Combinamos a visita ao paraíso para um domingo.Propôs irmos no meu carro, como garantia da existência de uma estrada suave para veículos de fino trato.Por medida de segurança, convidei um íntimo amigo para dar seu parecer, pessoa entendida em terras e benfeitorias de fazenda.
 Saímos os três no horário previsto. Discretamente marquei a hora: nove horas; pela conversa do corretor, em vinte minutos estaríamos na MINHA chácara. Esse foi o tempo que gastamos para sair da cidade. Outros trinta minutos e ainda estávamos na estrada.
-O senhor disse que eram apenas vinte minutos
-Pois é, já estamos chegando.
-Vinte, desde minha casa.
            Também marquei a quilometragem. Estava sendo enganado. Considerando tudo,já havíamos percorrido quase trinta quilômetros,sendo onze em estrada de chão. Estava decidido a voltar.
            -Pode parar moço, disse-me finalmente Herodes.
            Obedeci. Parecia que ele também desistira.
-Aqui estamos. Eis o paraíso,meu amigo.
-Onde?
-À sua frente, gritou ele, após sair do carro.
À minha frente escancarava-se um cerrado povoado por árvores retorcidas. Aqui e acolá algumas árvores mais altas e de copas largas. Recusei-me a descer.
-Cadê o resto?
-Que resto?
-O lago, o pomar, as alamedas sombreiras e floridas,a casinha.

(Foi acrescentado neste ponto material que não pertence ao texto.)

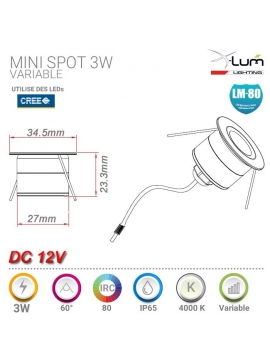 mini spot LED 3W dimmable variable 12V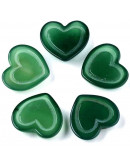 Agata Verde. Teñida. Corazón. 22~23x25x7 mm. Sin perforación. 1 ud.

-Tudo isso o senhor vai criar. Aquele pequeno regato ali adiante pode ser represado para o futuro lago; naquele monte o senhor construirá a casa de seus sonhos; toda aquela terra ao longe será transformada em pasto e lá do outro lado será o pomar. Claro, que são apenas sugestões, o senhor é quem vai planejar. Agora vamos descer até aquele riacho, onde estão as bananeiras, os pés de jabuticabas e a casinha do antigo dono. Dez minutinhos.
-Daqui eu volto,senhor Herodes.E o senhor fica.
-Seu moço doutor, o senhor está nervoso sem motivo.Chácara mais perto do que essa só nos parques da prefeitura. Escute, não se precipite.
-Seu Herodes,desta vez o senhor não vai lavar as mãos e sair impune. Vai voltar a pé, pois sendo tão perto como o senhor diz, a distância até a sua casa será um passeio. E eu não sou nenhum bandeirante para desbravar este pedaço de chão.
Procurei apoio no amigo, que até então se mantinha calado, saboreando aquele despropósito e sem querer interferir na minha indignação.
-Você acha que esse troço aqui vira chácara?
-Que vira,vira, mas no seu caso acho melhor comprar uma ação de um clube de campo.
 Foi o que eu fiz. Amigo é pra essas coisas.